Protégé du prédécesseur de Xi, Hu Jintao, grâce à son appartenance à la Ligue de la jeunesse communiste, Li a atteint les rangs du Comité permanent du Politburo, l’organe politique suprême de Chine, en 2007. Il a été vice-Premier ministre et, à un moment donné, a été considéré comme un prétendant au parti. leader avant la nomination de Xi en 2012.

Certains analystes ont déclaré que la marginalisation politique de Li avait commencé bien avant la pandémie, alors que Xi commençait à s’appuyer davantage sur le vice-Premier ministre Liu He, qui a servi sous le premier ministre en tant que chef de l’équipe économique.

Un conseiller gouvernemental basé à Pékin a noté que Li avait fait des progrès sur les réformes telles que la réduction des formalités administratives du gouvernement local, mais que son influence a diminué à mesure que Xi consolidait son emprise personnelle sur le parti et l’État.

« Li pourrait demander aux gouverneurs de province et aux maires des villes de suivre ses ordres. Mais il ne pouvait pas demander aux ministres de le faire car ils répondaient de plus en plus au parti et, par extension, à Xi », a déclaré le conseiller.

L'ancien président chinois Hu Jintao est expulsé du 20e congrès du Parti communiste chinois à Pékin
L’ancien président chinois Hu Jintao, au centre, est expulsé du 20e congrès du Parti communiste chinois à Pékin, dans une situation humiliante pour ses partisans, dont Li Keqiang, de gauche. © Mark R Cristino/EPA/Shuttertock

Parfois, Li semblait trahir des signes de désaccord avec le programme de Xi. En 2020, Li a déclaré que 40 % des Chinois gagnaient encore moins de 140 dollars par mois, un affront au programme phare de réduction de la pauvreté de Xi.

En avril de l’année dernière, Li a sapé la campagne de Xi visant à freiner la technologie, en déclarant devant une foule enthousiaste de dirigeants du commerce électronique : « nous soutenons l’économie des plateformes », et le mois suivant, il n’a notamment pas explicitement soutenu les restrictions liées au Covid lors d’une réunion avec des multinationales étrangères. .

Mais Joseph Torigian, un expert des élites politiques chinoises et soviétiques au Hoover History Lab de l’université de Stanford, a déclaré que les liens entre les principaux dirigeants du Parti communiste et leurs adjoints avaient toujours été tendus.

« Il est important de se rappeler que nous savons très peu de choses sur la relation personnelle » entre Xi et Li, a déclaré Torigian.

La carrière de Li a pris fin en octobre dernier, lorsque Xi empilé le Comité permanent du Politburo avec des loyalistes, à l’exclusion des responsables des factions rivales.

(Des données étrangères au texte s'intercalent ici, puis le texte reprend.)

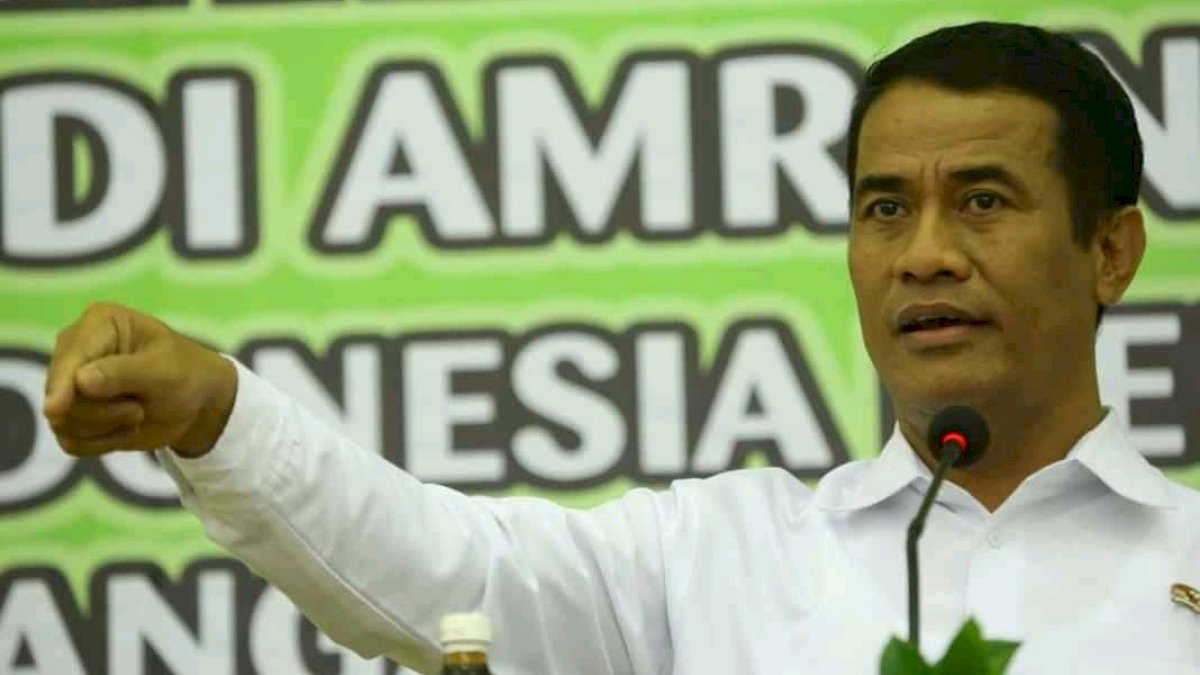 Mengukur Kekuatan Klan Amran Sulaiman di Pemilu 2024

Le 20e congrès du Parti communiste, où Xi a également brisé le précédent en revendiquant un troisième mandat à la tête du parti, a également été marqué par un moment dramatique lorsque Hu, le mentor de Li, a été brusquement escorté hors de la salle. Li ne pouvait que rester assis en silence pendant que se déroulait le drame, extrêmement rare pour un événement soigneusement mis en scène. Les raisons du renvoi de Hu n’ont jamais été expliquées.

Mais à sa manière discrète, Li a peut-être eu le dernier mot. Dans un discours d’adieu prononcé cette année devant les employés du Conseil des Affaires d’État, le cabinet chinois, il a prévenu : « Le ciel regarde ce que font les humains. Le firmament a des yeux.